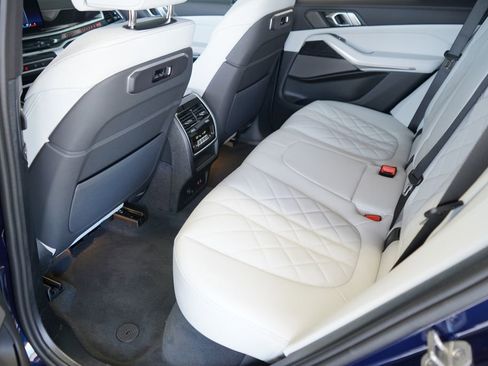 New 2026 BMW X5 xDrive40i w/ M Sport Package image 19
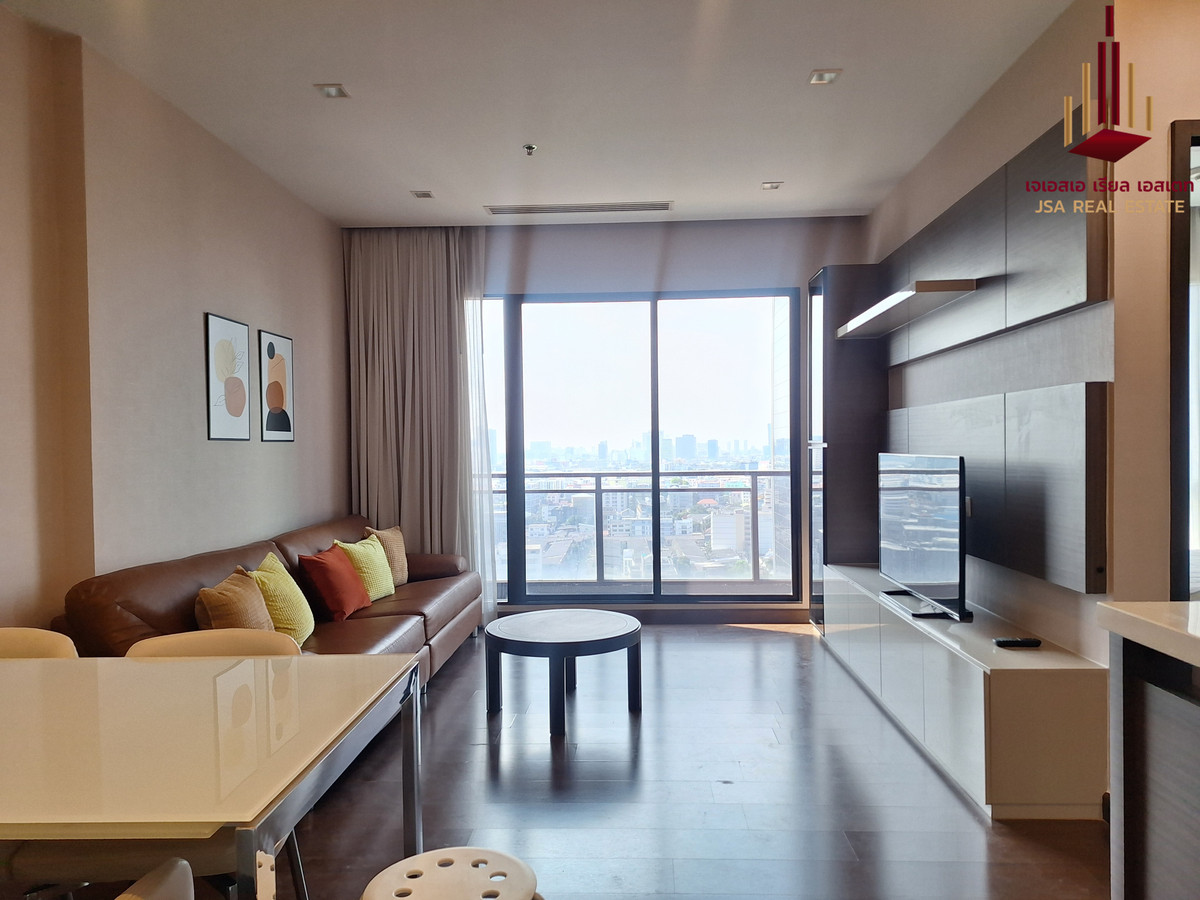 For RentCondoRatchadapisek, Huaikwang, Suttisan : ✨ For Rent: IVY Ampio Condo ✨ 💰 Only 45,000 THB/month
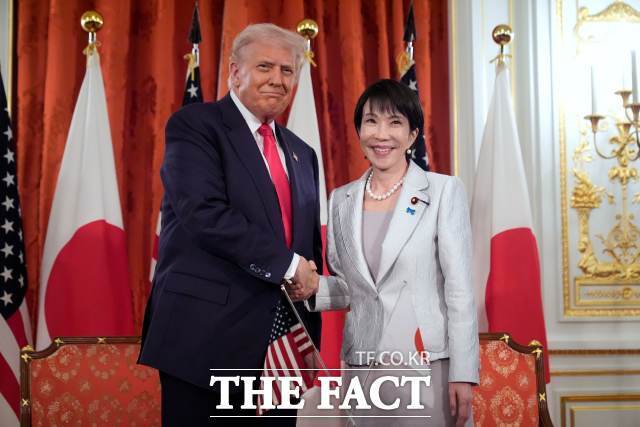 도널드 트럼프 미국 대통령과 다카이치 사나에 일본 총리가 지난해 10월 일본 도쿄 모토아카사카 영빈관에서 희토류 공급망 협정서에 서명하면서 악수하는 모습. /AP·뉴시스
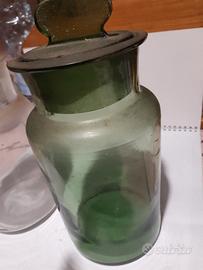 set di vasi  di vetro con  tappo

THE TASK:
The listing must be returned in full and exactly, apart from its pictures.

SOLUTION:
 New 2026 BMW X5 xDrive40i w/ M Sport Package image 19
 For RentCondoRatchadapisek, Huaikwang, Suttisan : ✨ For Rent: IVY Ampio Condo ✨ 💰 Only 45,000 THB/month
 도널드 트럼프 미국 대통령과 다카이치 사나에 일본 총리가 지난해 10월 일본 도쿄 모토아카사카 영빈관에서 희토류 공급망 협정서에 서명하면서 악수하는 모습. /AP·뉴시스
 set di vasi  di vetro con  tappo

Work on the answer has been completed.